Thinking on the ethics of AI

Artificial Intelligence. Image from www.vpnsrus.com with permission

Artificial Intelligence has been on my mind a lot recently as it invades medicine and the rest of society too. The Australian government is putting effort into developing ethical guidelines around AI and I been puzzling as to how that should look.

Central to that are concerns around privacy which are hardly new but are more and more in the center of developing technologies which move faster than the regulators can catch up.  If we give over personal information do we know how that is going to be used? Re-used? Re-sold?  Do we really have a clue as to how it may be used.  Should we be entitled to an expectation that all the uses of that information are related to the reason why we handed it over initially?  I think so.

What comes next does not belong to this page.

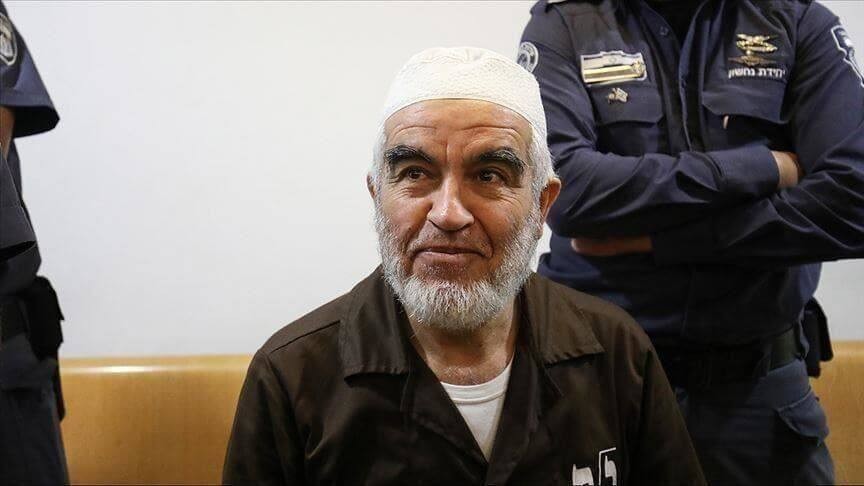 من سجنه.. رائد صلاح يوجه التحية لكمال الخطيب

If our personal information has value then who owns that value?  When we get a service for free then it’s often been said that we are the product.  But perhaps its fair to expect that the provider of that ‘free’ service let’s us know who the end users of our information are, and perhaps we should have an option to opt out.

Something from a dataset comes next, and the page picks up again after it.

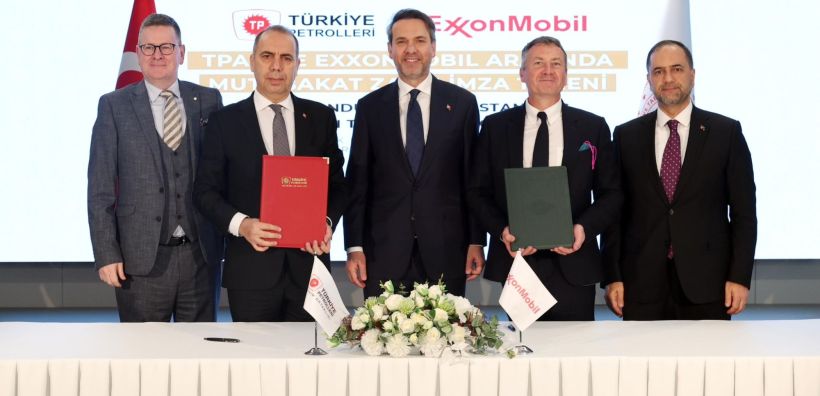 Συμφωνία ExxonMobil-TPAO για έρευνες υδρογονανθράκων σε Μαύρη Θάλασσα και Μεσόγειο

Does the right to be forgotten help you?  There has been much made of an expectation that online services shouldn’t hold our information for ever – they should allow us to be forgotten when we want to.  Embarrasing selfie from uni days – forgotten!  Social media post espousing views you are no longer proud of – forgotten!  I fell off my chair when I discovered that Google knew exactly where I was day in and day out for several years.  But it’s now – forgotten! Perhaps even more critical to the AI debate is the right to correct information that is held about you and to know exactly what information is on file.

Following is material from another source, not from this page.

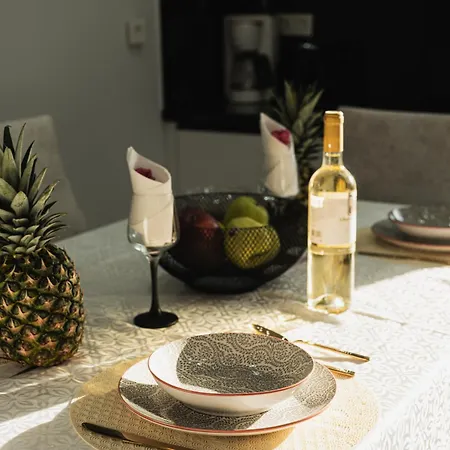 Serenity Hideout Nyaraló *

So given all that information is being collected, what should we expect before Artificial Intelligence systems start making decisions about us? I’ve got: Fairness, Contestability, Transparency, Privacy and Compliance with the Law.  From and society-wide viewpoint its interesting to think about net benefit – or as Google famously puts it: “don’t be evil.”

It’s the last of these that is engaging the little bit of my brain that it interested in philosophy because it really does stir up some ethical thought.  If you develop a cool AI that saves you and your customers time and money then  – cool, well done.  But what if there are losers in that process, perhaps some of your customers can’t use it or get odd, unjust or incorrect responses.  Overall you and your customers are happy but some people get shafted.  Do we accept a utilitarian type conclusion that, overall, things worked out well.  Or do we demand a social justice type approach where we do the extra yards to look after everyone.  Does the answer to that depend on the service at hand?  Or who the provider is?  Generally we’d expect our governments to do work which was inclusive, just and defensible (do you know about the Aussie RoboDebt debacle?) Other firms maybe held to a lesser standard but probably they shouldn’t be.  If your bank refuses your loan application then it seems fair that your should be able to ask ‘why?’ And get and answer that makes sense, is legally based and correct.